**Work item**. Each entry should be set down exactly as written, except for any picture it holds.

**Records to process**.

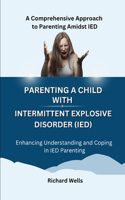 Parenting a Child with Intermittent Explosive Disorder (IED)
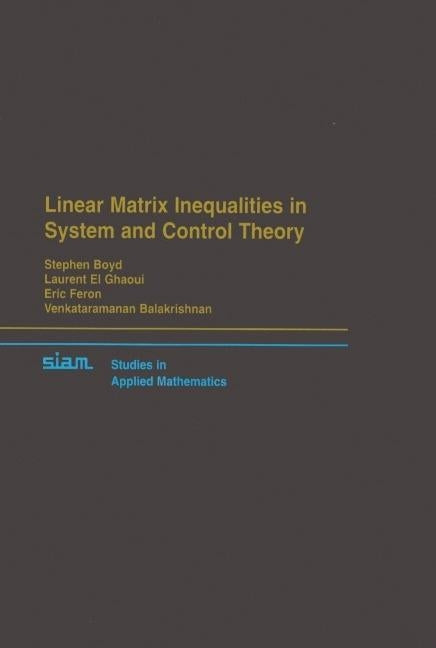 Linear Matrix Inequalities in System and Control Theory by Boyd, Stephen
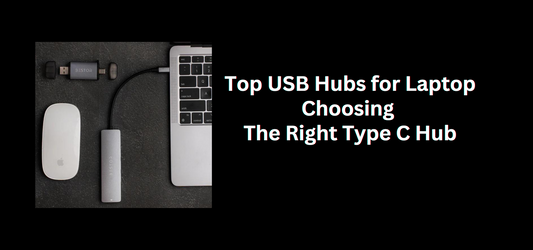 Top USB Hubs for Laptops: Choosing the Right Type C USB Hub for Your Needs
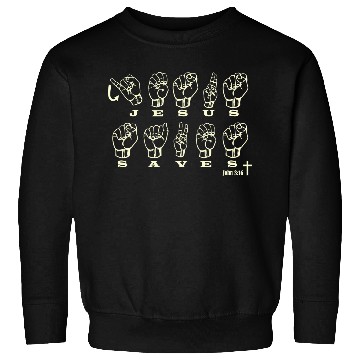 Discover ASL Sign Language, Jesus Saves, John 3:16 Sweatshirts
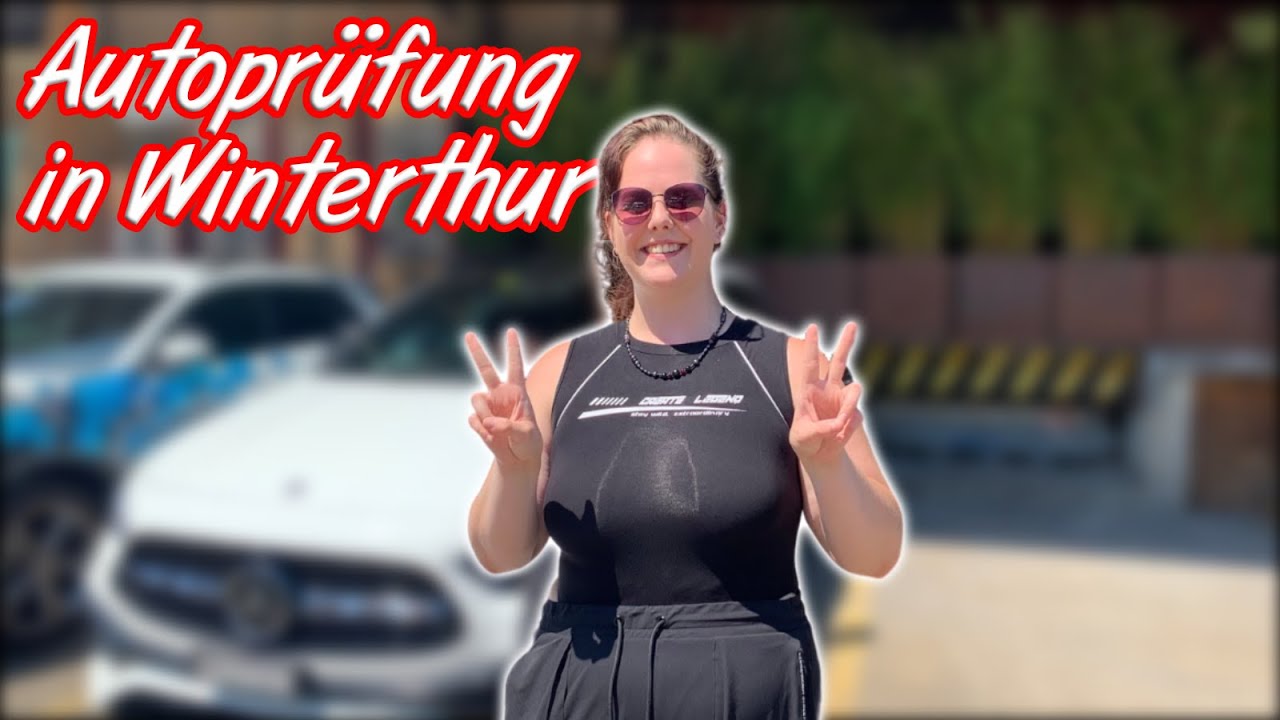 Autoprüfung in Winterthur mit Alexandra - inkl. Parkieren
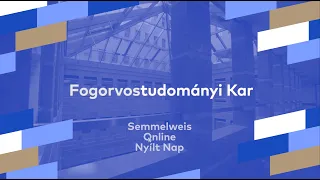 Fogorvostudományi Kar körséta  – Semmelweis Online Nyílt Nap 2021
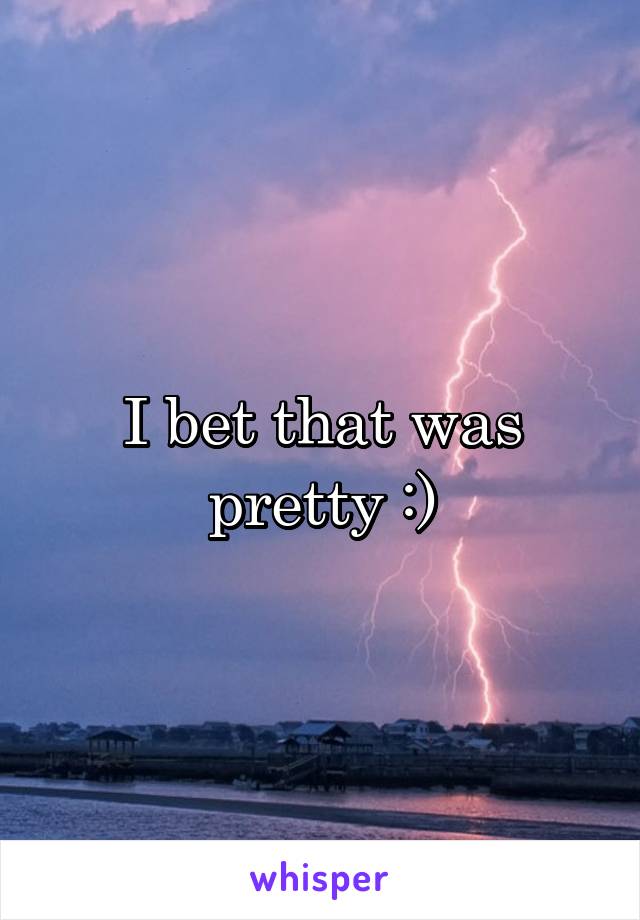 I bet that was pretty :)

**Reply to the exercise**.
 Parenting a Child with Intermittent Explosive Disorder (IED)
 Linear Matrix Inequalities in System and Control Theory by Boyd, Stephen
 Top USB Hubs for Laptops: Choosing the Right Type C USB Hub for Your Needs
 Discover ASL Sign Language, Jesus Saves, John 3:16 Sweatshirts
 Autoprüfung in Winterthur mit Alexandra - inkl. Parkieren
 Fogorvostudományi Kar körséta  – Semmelweis Online Nyílt Nap 2021
 I bet that was pretty :)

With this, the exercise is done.